A water right is the legal right to use a given amount of water for a specific purpose. A water right is the right to use water but not own the water itself. The “beneficial use” of the water right legitimizes a property right but only the property right is saleable. Thus beneficial use of water is a central premise to ownership of a water right.

In Nevada, as in other arid western states, the Doctrine of Prior Appropriation regulates water use indicating an early recognition of water scarcity. The Doctrine of Prior Appropriations resulted partly from land and water granted to settlers by the King of Spain and later by the Mexican government in the early 1800s.

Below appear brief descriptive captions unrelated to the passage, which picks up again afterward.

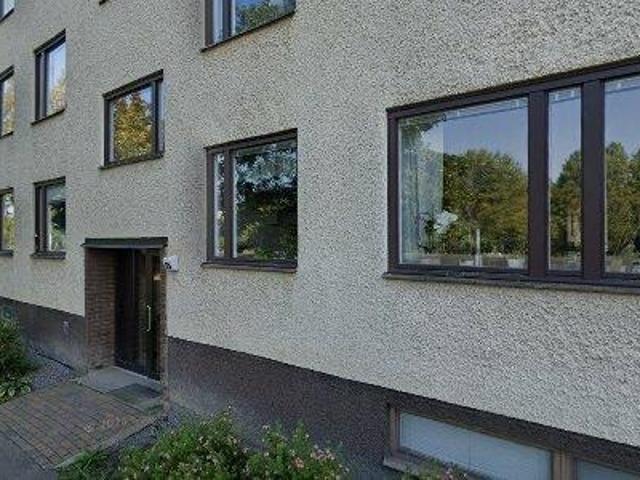 Lägenhet att hyra i Norrköping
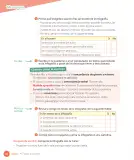 Miniatura página 108 de Lenguaje y Comunicación – Cuarto Básico | Texto del Estudiante MINEDUC – Descargar PDF · 2024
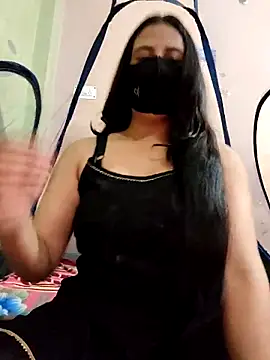 Priya 9945 online show from May 9, 2026, 5:16 pm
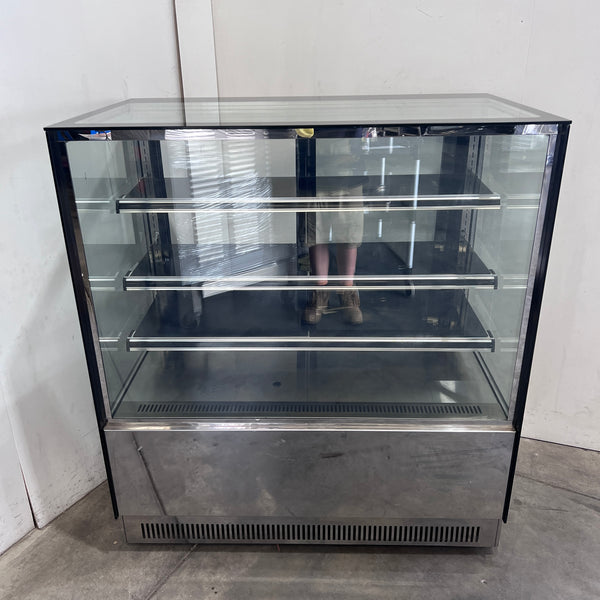 Bonvue GAN-1200RF3 Cake Display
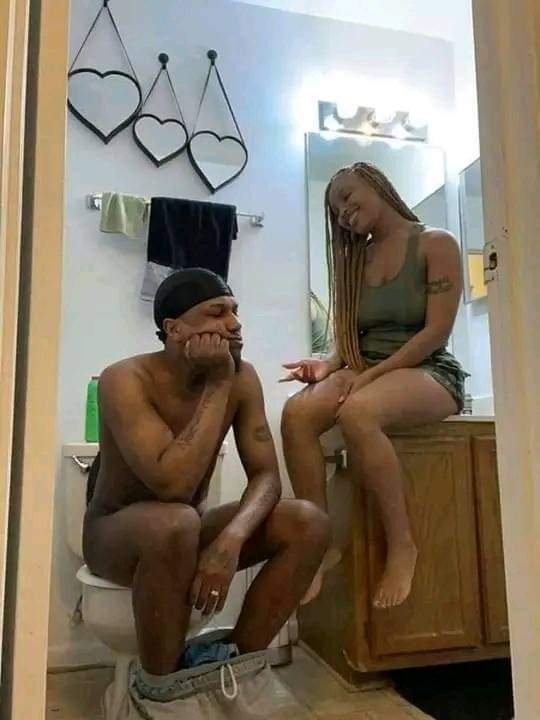 SandyK2022k's tweet photo. When you become best friends in a relationship ❤️❤️ https://t.co/9t9CUio9GA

The Doctrine of Prior Appropriation is based on the concept of water use by order of seniority that is “first in time is first in right” or the first party to use available water has senior rights to continue using the water. The concept of “beneficial use” was also established coincidently to require water right users to prove a beneficial use for their water right in order to retain it. From the 1800s through the mid-1900s, agriculture, mining and timber were prioritized as beneficial uses for water resources.

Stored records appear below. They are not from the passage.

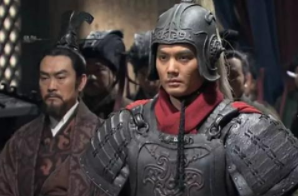 &ldquo;得蜀即得楚&rdquo;是谁提出来的？如何评价司马错？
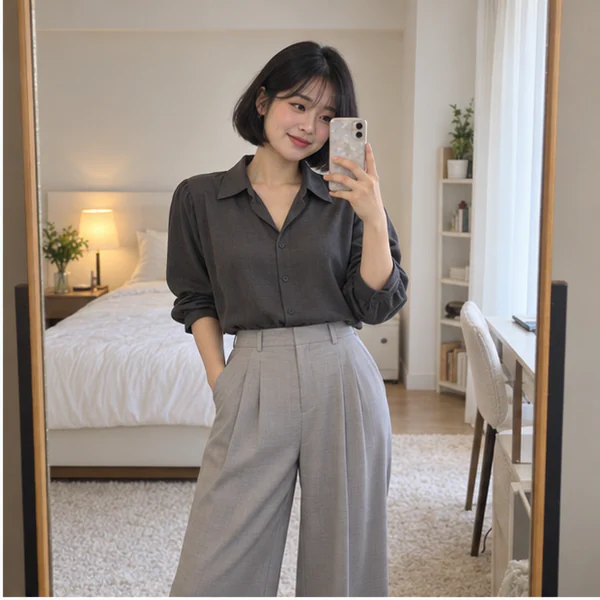 서울 금천 해린 테라피 안내 이미지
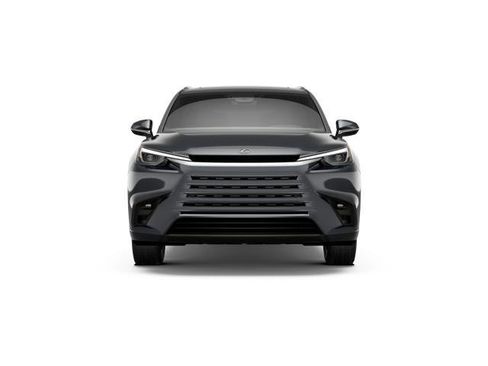 New 2026 Lexus TX 350 AWD image 38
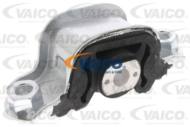 V42-0232 - Poduszka silnika VAICO PSA/FIAT JUMPER/DUCATO/BOXER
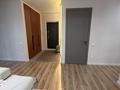 3-комнатная квартира · 113 м² · 6/10 этаж, мкр Каргалы, Кенесары хана 54/33 за 85 млн ₸ в Алматы, Наурызбайский р-н — фото 11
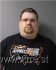 William Doss Arrest Mugshot Sex Offender 3/10/2022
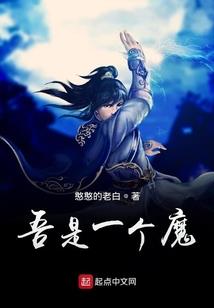 会计原理选修课考试答案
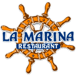 La Marina Restaurant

Contemporary attitudes towards water use include strong differences of opinion regarding beneficial use. Obviously, farmers and ranchers need to continue a level of consumptive use to adequately irrigate crops and water livestock. However, steady population growth in Nevada and in most western states, may influence this traditional view of beneficial use, particularly in light of the fact that the majority of Americans are unfamiliar with agriculture and agricultural practices. Many environmental interest groups demand water for the protection of fish and wildlife species throughout the American west, in addition to improved water quality for human usage. Irrigated agriculture is increasingly questioned as a beneficial use of scarce water supplies. Similarly, farmers and ranchers question the protection and conservation of wildlife species and habitats as a beneficial use of scarce water resources.


Water scarcity and water quality will become critical issues in the future. Since the early development of the U.S., federal policies have been designed to motivate development based on water, emphasizing agriculture, mining and timber primarily. Demographic trends and sociopolitical shifts in the last 50 years suggest changes in attitudes toward water use.

Unprecedented urban growth in Nevada forces its farmers and ranchers to consider water conservation and water quality improvement strategies despite water rights protected under the Prior Appropriation Doctrine. Nevada’s already scarce water supplies are likely to suffer heavier demands and competing uses. Increasing demands for quality water resources challenge all Nevadans to take a hard look at resource allocation decisions Strategic planning of water use will be a necessity in order to supply homes, commerce and agricultural industries. Conservation efforts, in consort with water quality management efforts, will be needed to balance water demands. Efforts include adherence to federal and state laws to improve water quality, development of water markets and collaborative negotiated agreements. Demands for water as well as plans for allocating water are subject to change based on population trends, economic growth and variations in climate. This element of unpredictability requires a portfolio approach to water planning that includes a diverse set of conservation strategies and flexible, cooperative approaches.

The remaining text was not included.